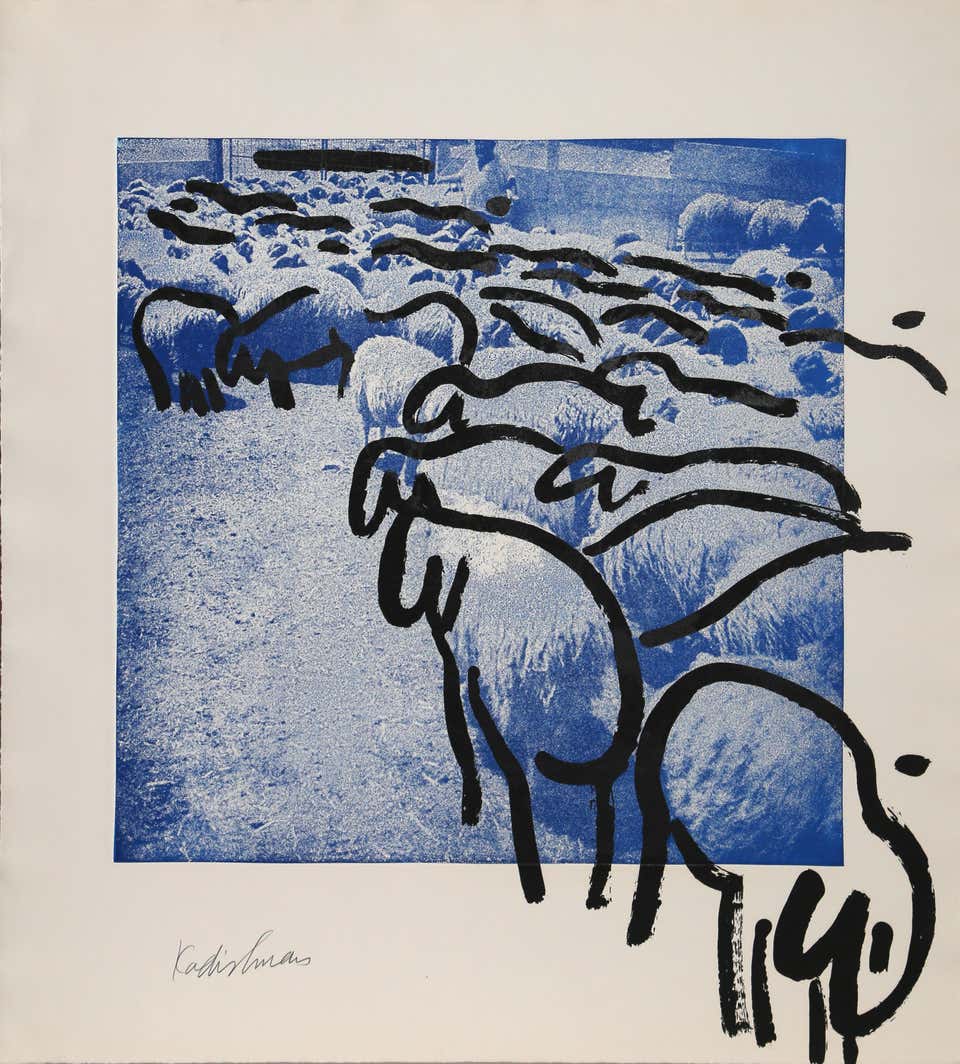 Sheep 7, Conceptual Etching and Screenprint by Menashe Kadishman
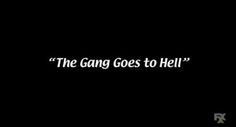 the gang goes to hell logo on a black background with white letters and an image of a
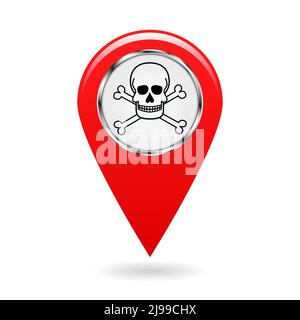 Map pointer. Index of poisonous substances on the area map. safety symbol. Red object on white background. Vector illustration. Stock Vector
--------------------
* _Task to carry out_: Reproduce the data verbatim. Do not carry any picture into the copy.

* _Result_:
 Sheep 7, Conceptual Etching and Screenprint by Menashe Kadishman
 the gang goes to hell logo on a black background with white letters and an image of a
 Map pointer. Index of poisonous substances on the area map. safety symbol. Red object on white background. Vector illustration. Stock Vector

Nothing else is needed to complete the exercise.